**EXERCISE GOAL:** Omit the pictures. Transcribe exactly the lines below, from the one with "Vista 2 de Mesa" up to and including the last.

╔══

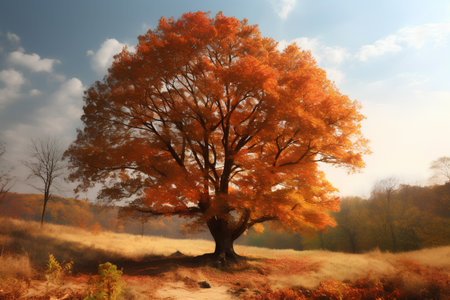 Autumn landscape with a big tree on the meadow at sunsetの素材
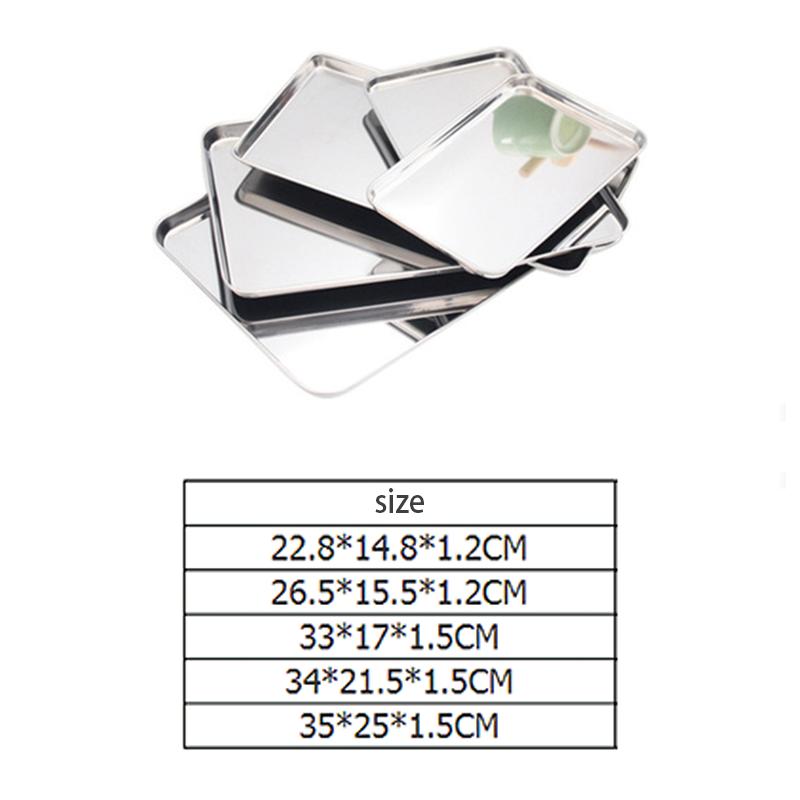 Stainless Steel Steamed Sausage Powder Plate Trays Fruit Dish Hotel Japanese Rectangle Pastry Food Storage Baking Plates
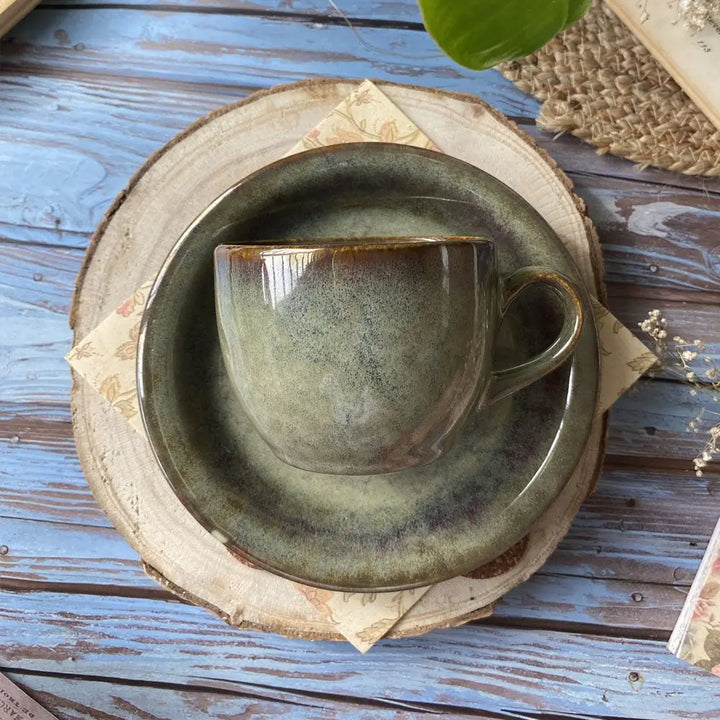 Green Ceramic Tea Cups & Saucers | Vintage Round Ceramic Tea Cups & Saucers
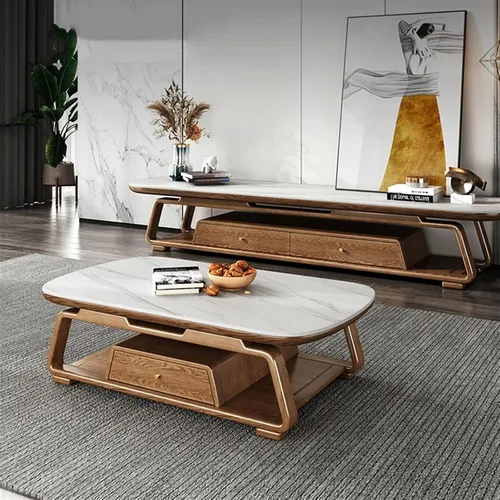 Vista 2 de Mesa de té para sala de estar, moderna mesa de centro de lujo, parte superior de pizarra y marco de madera de fresno, mesa central ovalada grande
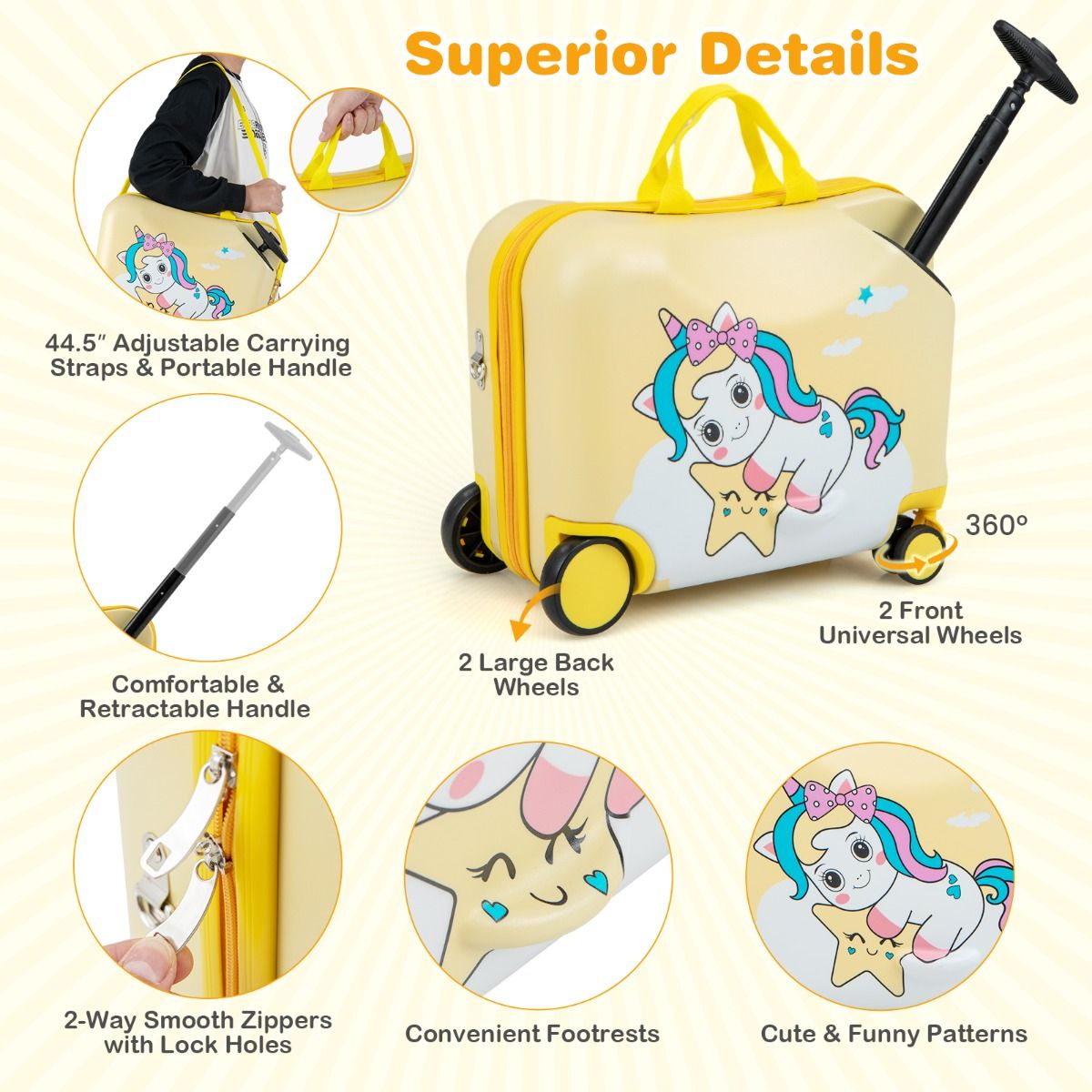 Ensemble valise et sac à dos pour enfants Coast - Valise à roulettes - Sac à dos avec un adorable motif d'abeilles - Jaune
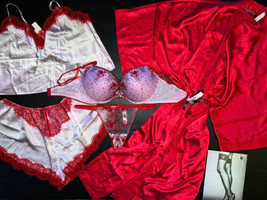 Victoria&#39;s Secret 36B,36DD Bra+Garter+Cami Set+Robe Lilac Silver Red Embroidered - £197.83 GBP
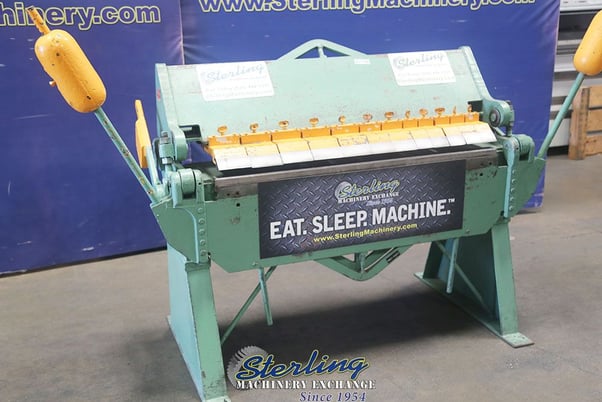 12 gauge x 4' Chicago #BPO-412-6, heavy duty finger brake, 2 counter weights - Image 7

╚══

**ANSWER BOX:**
 Vista 2 de Mesa de té para sala de estar, moderna mesa de centro de lujo, parte superior de pizarra y marco de madera de fresno, mesa central ovalada grande
 Ensemble valise et sac à dos pour enfants Coast - Valise à roulettes - Sac à dos avec un adorable motif d'abeilles - Jaune
 Victoria&#39;s Secret 36B,36DD Bra+Garter+Cami Set+Robe Lilac Silver Red Embroidered - £197.83 GBP
 12 gauge x 4' Chicago #BPO-412-6, heavy duty finger brake, 2 counter weights - Image 7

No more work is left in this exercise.